Informações destoantes

Esse mesmo assunto foi o tema desta Coluna em maio: ficou evidente a contradição entre o balanço do BN e a análise dos auditores independentes, que, por determinação do Banco Central, são dados que devem ser publicados lado a lado. O BN apontou um lucro líquido de R$ 57,16 milhões no exercício de 2000. Já os auditores independentes apontaram que o banco deixou de lançar R$ 1,3 bilhão como despesa. Se tivesse feito esse lançamento, o banco estaria com um patrimônio líquido negativo de cerca de R$ 300 milhões, situação inadmissível em instituições financeiras.

Para o leitor que não é especialista em economia, assim como eu, pode ser que o cenário seja um pouco árido. Mas o assunto é importante. Estamos falando de uma instituição cujo enfraquecimento não interessa a ninguém ? aliás, quem disse que discutir supostas falhas e aspectos polêmicos signifique um golpe contra a instituição? Se assim fosse, a função de ombudsman seria um enorme erro estratégico do jornal. Sabemos que é exatamente o oposto: é uma iniciativa que demonstra transparência e compromisso de querer se aperfeiçoar sempre.

Mas voltando aos fatos em torno do BN. Tantos questionamentos são material riquíssimo para investigação. ?O banco está com passivo a descoberto, termo técnico que pode ser substituído por rombo, desde junho de 2000.Como a lei não permite que um banco opere com passivo a descoberto e o Banco Central foi omisso em punir, o Tribunal de Contas da União tomou a iniciativa e abriu uma representação para investigar (processo 007812/2001-5)?, afirma o deputado federal José Pimentel (PT), membro da Comissão de Finanças e Tributação da Câmara e da Comissão Mista de Orçamento do Congresso. ?Em depoimento à Comissão em setembro, a diretora de fiscalização do Banco Central, Teresa Grossi, declarou que esse rombo do BN chegará a R$ 7 bilhões. É um valor 50 vezes maior do que o desvio do Tribunal Regional de Trabalho (TRT) de São Paulo e 13 vezes maior do que o rombo no BEC, que hoje é alvo de CPI?, diz.

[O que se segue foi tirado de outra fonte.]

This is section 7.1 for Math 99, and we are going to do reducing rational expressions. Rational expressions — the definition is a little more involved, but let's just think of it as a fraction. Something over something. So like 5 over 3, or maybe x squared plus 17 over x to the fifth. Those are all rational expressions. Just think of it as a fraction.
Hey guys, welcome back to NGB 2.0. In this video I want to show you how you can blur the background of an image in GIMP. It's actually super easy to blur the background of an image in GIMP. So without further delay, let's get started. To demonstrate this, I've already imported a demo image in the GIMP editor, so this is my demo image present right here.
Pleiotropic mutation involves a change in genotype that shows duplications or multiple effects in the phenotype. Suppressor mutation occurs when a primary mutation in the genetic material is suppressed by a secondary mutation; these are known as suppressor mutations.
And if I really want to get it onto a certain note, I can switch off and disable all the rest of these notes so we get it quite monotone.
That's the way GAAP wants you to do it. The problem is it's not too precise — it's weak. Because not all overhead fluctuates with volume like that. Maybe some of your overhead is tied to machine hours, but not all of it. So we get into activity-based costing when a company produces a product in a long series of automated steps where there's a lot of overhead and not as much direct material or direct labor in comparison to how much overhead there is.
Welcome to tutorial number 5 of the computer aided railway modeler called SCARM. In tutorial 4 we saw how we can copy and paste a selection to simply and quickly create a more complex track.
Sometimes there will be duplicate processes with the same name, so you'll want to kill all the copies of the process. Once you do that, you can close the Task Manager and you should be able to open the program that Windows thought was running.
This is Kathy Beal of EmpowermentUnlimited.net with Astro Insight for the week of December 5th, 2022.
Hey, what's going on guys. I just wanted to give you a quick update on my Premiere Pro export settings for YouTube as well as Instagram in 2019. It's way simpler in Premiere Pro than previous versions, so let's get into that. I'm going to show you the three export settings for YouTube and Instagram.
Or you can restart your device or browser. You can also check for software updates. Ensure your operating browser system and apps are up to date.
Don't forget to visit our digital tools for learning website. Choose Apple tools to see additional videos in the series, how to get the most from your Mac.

Para esclarecer essas e outras questões, a Comissão Mista de Orçamento aprovou um requerimento do deputado e convocou o presidente do BN, Byron Queiroz, para depor na próxima terça-feira (11), às 15 horas. Também será ouvido o ex-diretor financeiro do BN, Antônio Carlos Coelho.

Cautela diferenciada

Não se justifica um silêncio permanente em torno de uma organização que, além de ser fundamental para a região, ainda por cima está sediada em nossa cidade. O problema da ausência de cobertura significa algo que também já tratei anteriormente aqui neste espaço. Quando algumas instituições estão na berlinda, como o BN e o Judiciário, a direção do jornal se cerca de uma cautela que não é compatível à dispensada a outras questões tão importantes quanto. O cuidado com a informação sempre deve ser grande em qualquer circunstância, mas não pode ser maior ou menor dependendo de quem estamos tratando. Na crítica interna de quinta-feira, argumentei que pela importância da instituição e do tamanho da polêmica, o jornal precisa fazer matérias sobre o assunto. Questionei ainda se haveria alguma avaliação divergente na Redação ou na Direção sobre o que eu tinha acabado de escrever. Não obtive retorno.

Não podemos esquecer que nosso compromisso é com o leitor. Não nos cabe julgar, mas expor o que está acontecendo sob o risco de ir contra um princípio fundamental do jornalismo: o acesso à informação pública é um direito inerente à condição de vida em sociedade, que não pode ser impedido por nenhum tipo de interesse. Que há muitas questões a serem esclarecidas, isso há. A repetência insistente de denúncias e acusações aponta para um problema grave de qualquer maneira. O problema pode estar em quem fala sem parar. Ou em quem não pára para escutar."